To me, ultimately, tablet/laptop hybrids are the way to go in the future, for economic reasons as much as anything else. By separating the tablet from the trackpad and/or keyboard, you create the possibility of replacing parts that are relatively cheap to replace. I can't do that with my Macbook. I can with my iPad. Having a separate or detachable keyboard creates an extra layer of versatility that a fully integrated device lacks.

Most recently, because of the inherent vulnerability of the keyboard and trackpad on integrated machines, I've been considering that in the nearish future instead of using a Macbook to work on, as I have for a few years now, I might switch back to a Mac Mini with separate monitor, keyboard and trackpad, but also have an iPad with a good quality keyboard and/or cover for when I want to be on the move.

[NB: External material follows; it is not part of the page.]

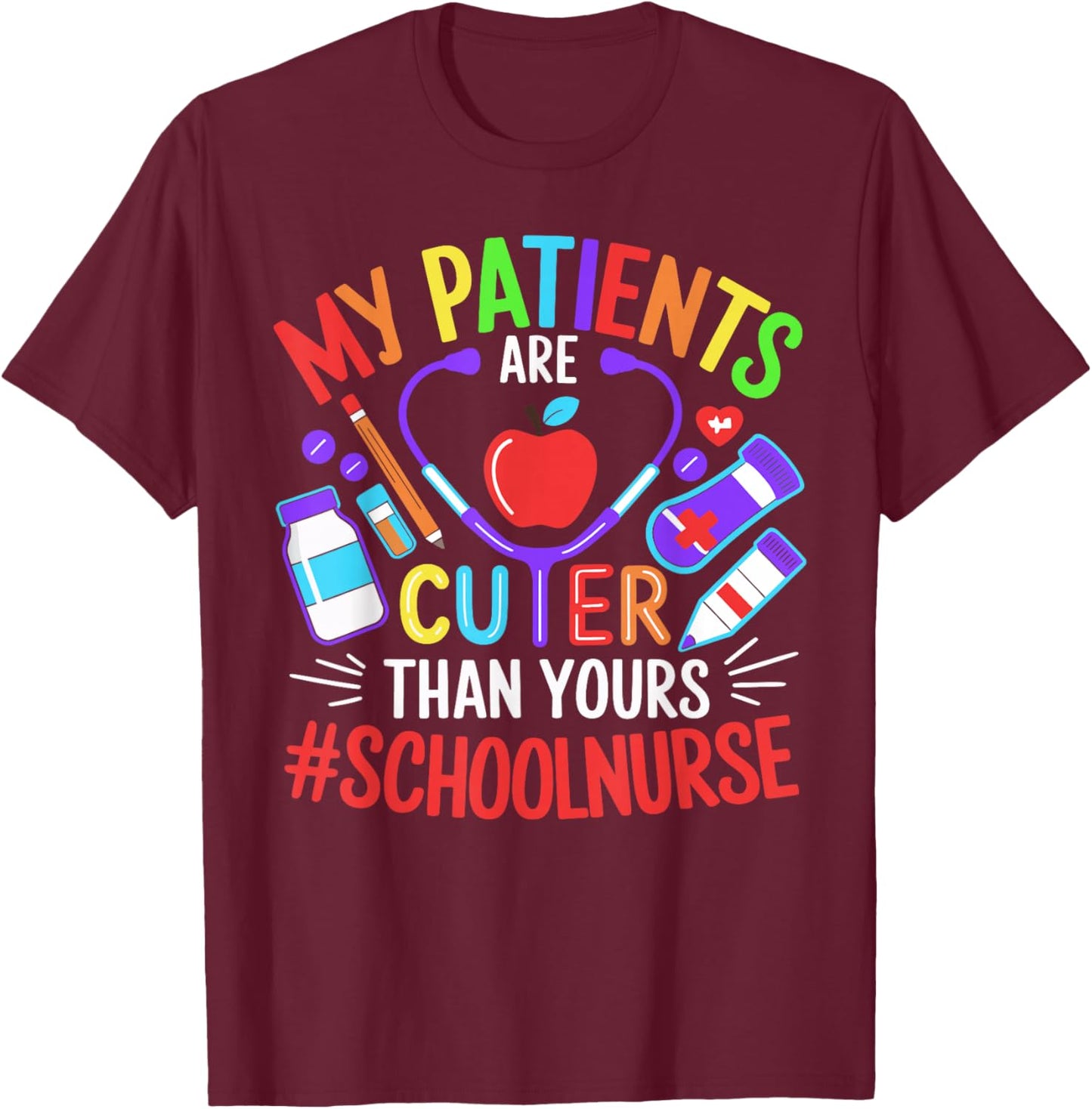 School Nurse Appreciation Nursing Elementary School Nurse T-Shirt - T-Shirt | Maroon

In fact, the primary reason I haven't already done that is because you can't get Scrivener on the iPad. Yet. But it will be released sometime this year: the iPad version is currently undergoing testing and the minute - the second - it becomes available on the iPad, I'm buying it. And when it does become available, the iPad, as much as a good laptop, stands a very good chance of becoming indispensable as well for a good many writers.


Orin Thomas said...

You could get a Surface Pro ;-) (Tablet with click on Keyboard - and with USB so you can take offline backups of your work - something more challenging with an iPad)

(yeah, I know, you'd melt with MS Hardware instead of fruity products)

paul f cockburn said...

I understand your situation well; my MacBook Pro has long become, essentially, my desk-top; it seldom ever leaves my office-space, let alone the flat – while my second generation iPad Air and Logitech keyboard/cover have become my principal means of writing when "out and about". Or even, sometimes, when sitting on the sofa in the living room and I can't be arsed moving!

Not that I'm currently in a business position to upgrade or expand my selection of Apple products, but I did spend a while checking out the new 12" MacBook in the Apple Store recently and, apart from the price (which is rather high for the computing power you're getting) and the odd-feel of the new keyboard (which I guess I'd get used to), one critique I'd heard about it really struck home. It's the laptop "for those who don't already have an iPad". Similar size, similar weight (and equally available in gold and space grey); but, of course, without the ability to disconnect that keyboard and just hold it like a tablet. These days I genuinely find it too distracting to be watching anything on the screen with a keyboard glowing away underneath!

I was among the "first adopters" in the UK back in 2010, despite honestly believing that I didn't really need one – after all, I had a smart phone and a laptop, so how could such a "third category device" possibly fit into my life? (If you're wondering, the main reason I gave myself for buying one was to get an idea of how it would affect the evolution of magazines.) Of course, I very quickly discovered how it fitted into my life – and, indeed, would be the one device I'd definitely save from a fire!